A professora interrompeu a reunião para falar urgentemente com os seus colegas sobre a situação da turma em que era conselheira.

- Pessoal, eu conversei muito com eles e eles estão falando muito do senhor professor. Uns falam muito bem, outros muito mal. Eu queria pedir que tivesse mais calma com eles, eles são tão carentes, precisam de carinho ...

Interrompi bruscamente e já, indignado.

- Peraí, professora, quer dizer que o problema sou eu. Depois de todas as ofensas que eu ouvi deles ao longo do trimestre, depois de eu ter, na primeira reunião do ano, solicitado falar com os pais deles e vocês terem me ignorado, depois de eu ter poupado a direção de registrar as ocorrências e matando tudo no peito, tu me pedes mais calma ...

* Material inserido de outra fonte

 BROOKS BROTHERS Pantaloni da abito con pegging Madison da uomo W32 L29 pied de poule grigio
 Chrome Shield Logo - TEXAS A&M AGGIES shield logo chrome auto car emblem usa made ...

Estava explodindo de raiva. A reunião com os pais tinha sido um sucesso, os alunos estavam se encaminhando para a consciência de suas burradas e a profi vinha ali me acusar e dialogar mais ainda, mais e mais. Chega, eles precisavam é de limite.

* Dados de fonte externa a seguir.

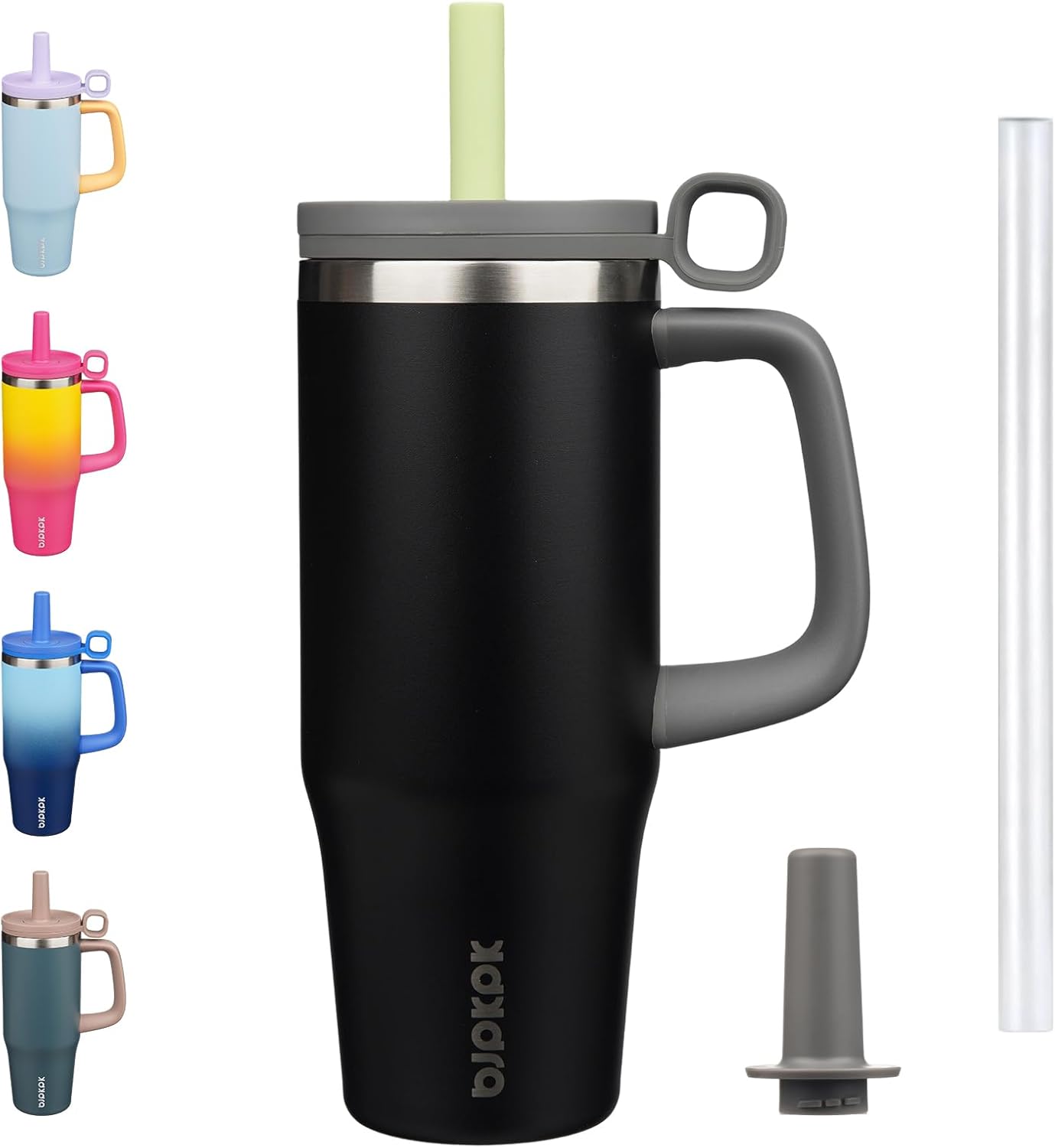 BJPKPK 50oz Insulated Tumbler with Handle Stainless Steel Travel Coffee Mug with Lid Reusable Large Water Bottle with Straw,Sky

- Não, professor. Eu acho que temos que ter uma estratégia conjunta para agir com a turma. Eles reclamaram muito de ti ... – lá veio ela de novo me culpando.

- Querem uma estratégia, pois bem: Tolerância zero!

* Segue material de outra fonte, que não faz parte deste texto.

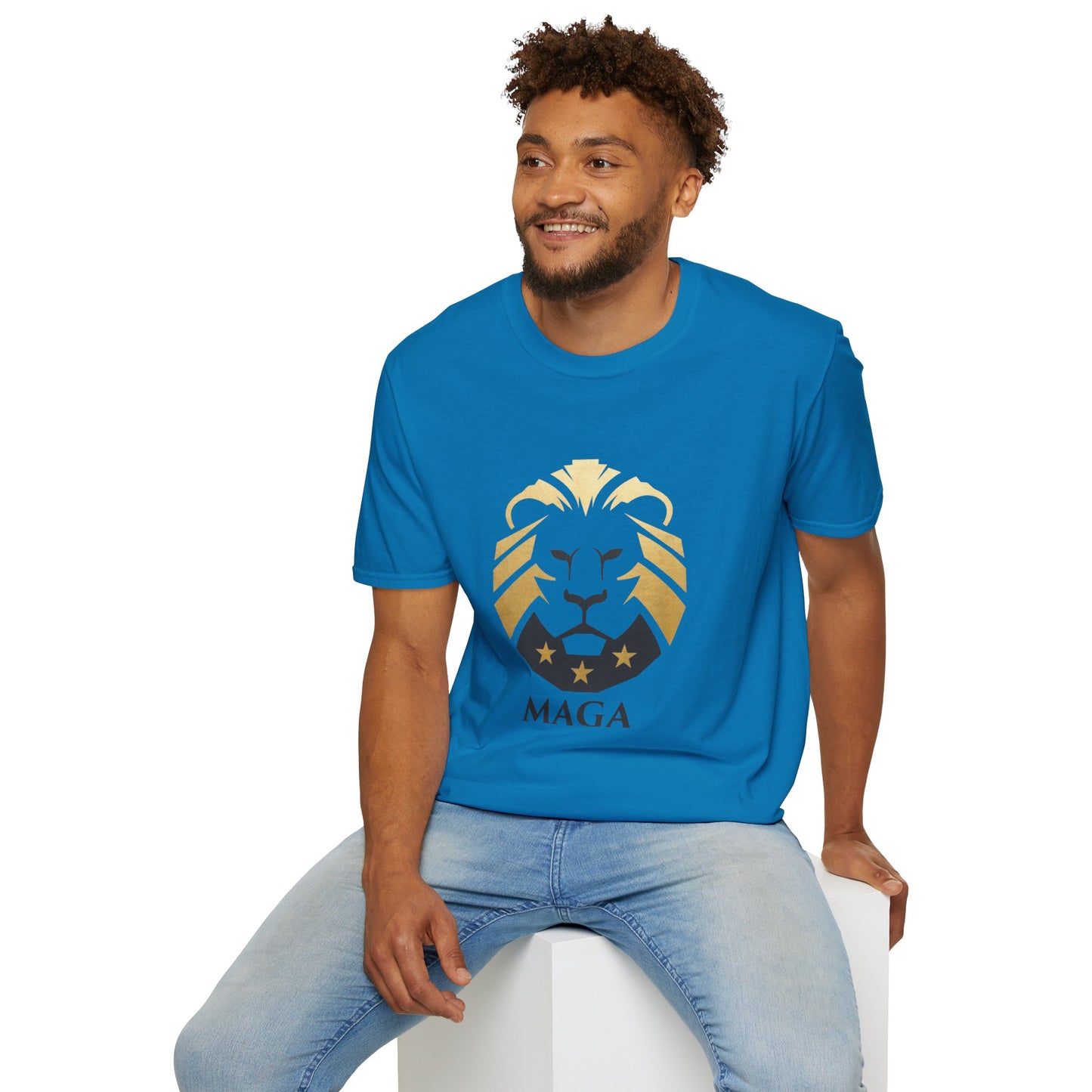 MAGA Gold Lion T‑Shirt — Bold Patriotic Crest Tee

- Mais aí só vai piorar, retrucou – e os colegas desataram a me olhar com olhar de reprovação e foi um bochincho e tanto.

Me senti acuado. Quer dizer que o problema sou eu? Não é a educação que eles trazem de casa que é o problema? Eu tenho que ensiná-los a se comportar?

- Vocês vão me desculpar, colegas, mas estou me sentindo pressionado. Se eu estou com raiva? Sim, sou humano. Eu não sou obrigado aturar o que eu aturo, não sou pago pra isso ...

- É pago pra isso sim, retrucou uma professora, onde já se viu? Dentro da sala de aula tudo é tua responsabilidade.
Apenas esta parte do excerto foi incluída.